# Weathering techniques help ?



## native (Aug 6, 2010)

Hello 

I'm new to this hobby and would like some help in finding online tutorials on how to weather,not only trains but scene as well.

Thank you


----------



## Reckers (Oct 11, 2009)

Native, welcome to the forum! Let me suggest a site for you to explore---it's not a tutorial, but I think you'll find what you need if you follow the threads. It's a forum that specializes in scratch modelling.
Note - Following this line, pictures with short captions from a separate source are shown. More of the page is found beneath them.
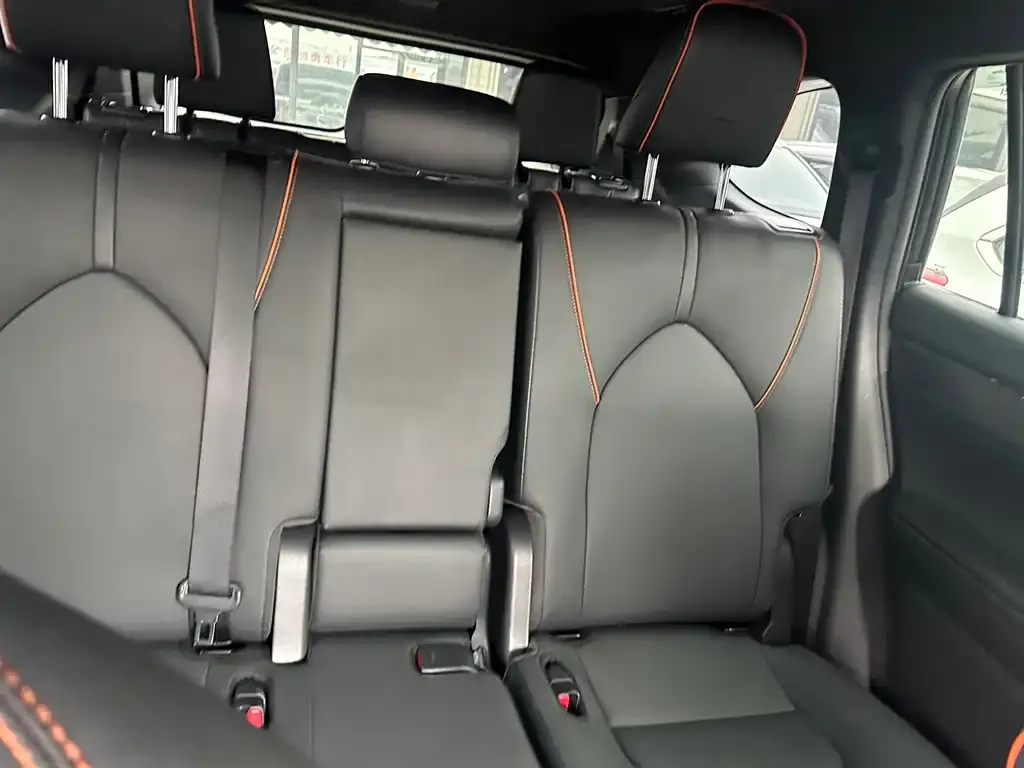 Toyota Crown Kluger 2024 из CN, фото 2
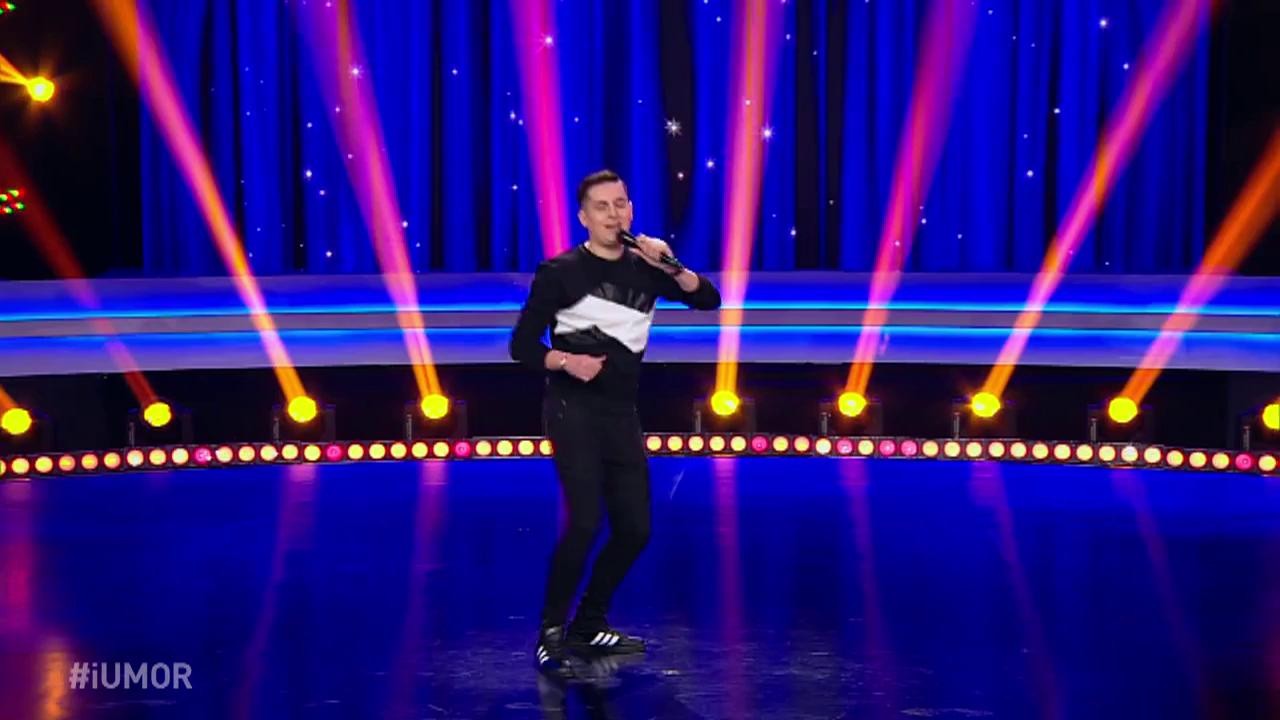 George Tănase, despre cum se agață &icirc;n club: &rdquo; Am un prieten care &icirc;mi zice mereu - dacă mergi &icirc;n club lovești, dai acolo, atingi sigur&rdquo;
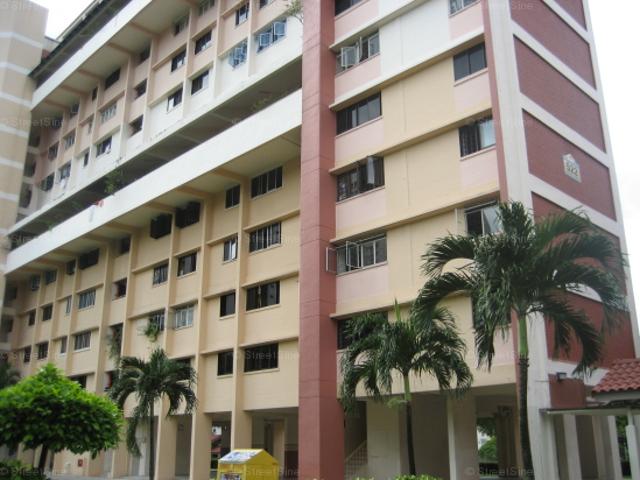 Ang Mo Kio Avenue 5 Ang Mo Kio, HDB 4 Rooms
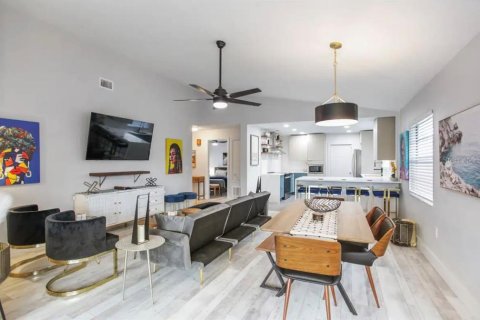 Casa en venta en Orlando, Florida, 3 dormitorios, 118.54 m2 № 1911876 - foto 3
Look at the tabs at the top and click "Search" and type in "weathering". I think you'll find a wealth of info there on it and other topics:

http://ogaugerr.infopop.cc/eve/forums/a/frm/f/3681097934

Good luck and best wishes on it!


----------



## native (Aug 6, 2010)

Reckers said:


> Native, welcome to the forum! Let me suggest a site for you to explore---it's not a tutorial, but I think you'll find what you need if you follow the threads. It's a forum that specializes in scratch modelling. Look at the tabs at the top and click "Search" and type in "weathering". I think you'll find a wealth of info there on it and other topics:
> 
> http://ogaugerr.infopop.cc/eve/forums/a/frm/f/3681097934
> 
> Good luck and best wishes on it!


Great Rec thanks for the tip.


----------